Insolvency practitioners (IPs) can expect an increase in business throughout 2021, which is likely to affect creditors and debtor companies.
Creditors can expect the insolvency practitioners they appoint to be uncompromising. For all intents and purposes, IPs won’t be desperate for your business.
Whereas an IP who has few clients will conduct thorough investigations, and be speculative with their time, a busy IP is likely to:
- Pay less attention to individual cases
- Employ the same amount of staff
In contrast, company directors can benefit from an active marketplace. A busy IP simply wants to close the file and move on to new business. Consequently, they are more likely to accept a deal offered to them by a company director.
For example, an IP appointed to wind up a company through a creditors’ voluntary liquidation (CVL) will conduct investigations. They may propose charging £100,000 after discovering:
- An overdrawn director’s loan account
- That assets have been misappropriated
However, the same insolvency practitioner may accept £60,000 to complete the CVL if:
- The director disputes the money is owed
- They are busy and overburdened with work
Creditors must review contracts and credit terms
While creditors lose out, the situation is a win-win for the insolvency practitioner and director(s).

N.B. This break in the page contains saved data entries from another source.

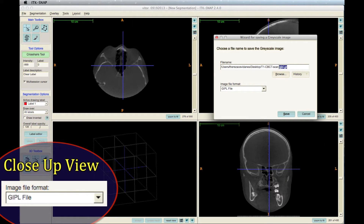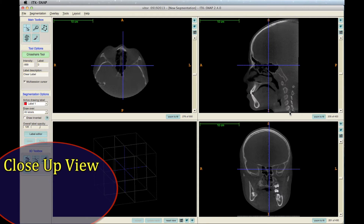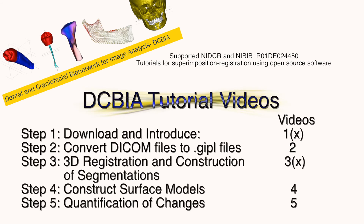Make sure the option selected for image file format is jipple, and then click Save. Now, the jipple file conversion is complete.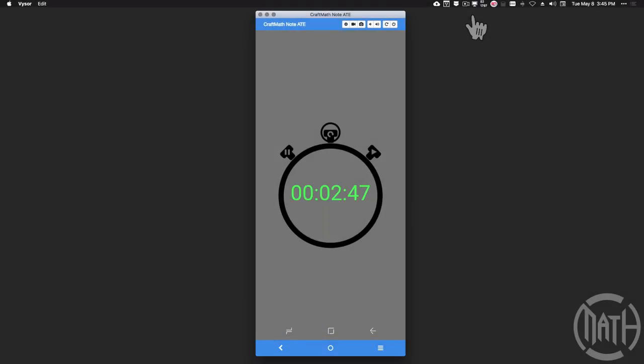In this video we're going to pick right up with part two of the stopwatch. Part one covered the Tasker piece — now we're going to dive into the custom KWLP piece.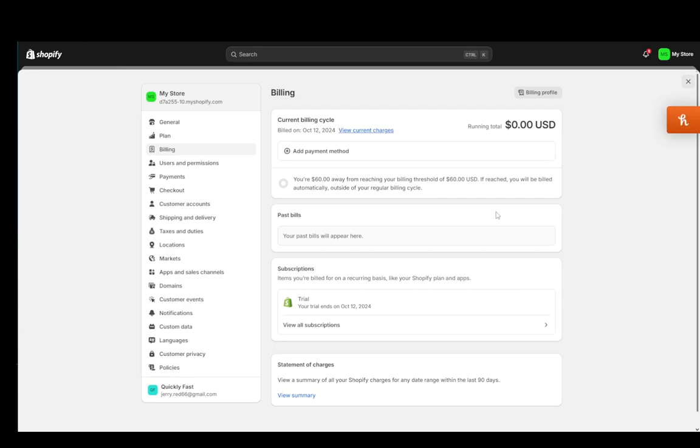It'll automatically subtract funds at the start of the next billing cycle, and pretty much that's all you need to do.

This scenario will become a trend if, as expected, there is an increase in company collapses. When IPs are overworked it’s usually to the detriment of creditors. Sadly, the pandemic has only served to blight their prospects further.
Many company directors are struggling to replace business lost due to Covid-19. Subsequently, they are likely to relax credit control procedures, and be less discerning when extending credit to new customers.
But this approach inevitably is dangerous because the more credit you give, the more you expose your company to risk.
Suppliers must be mindful in this economic environment. Now is not the time to be generous with creditors. Instead, consider updating the terms of your trading contracts to ensure your company is protected post-Covid.
Being stringent with credit may reduce your volume of customers. But in the long-term your company will benefit from the stability.
Try not to overextending because all it takes is the loss or liquidation of a few key customers for everything to collapse.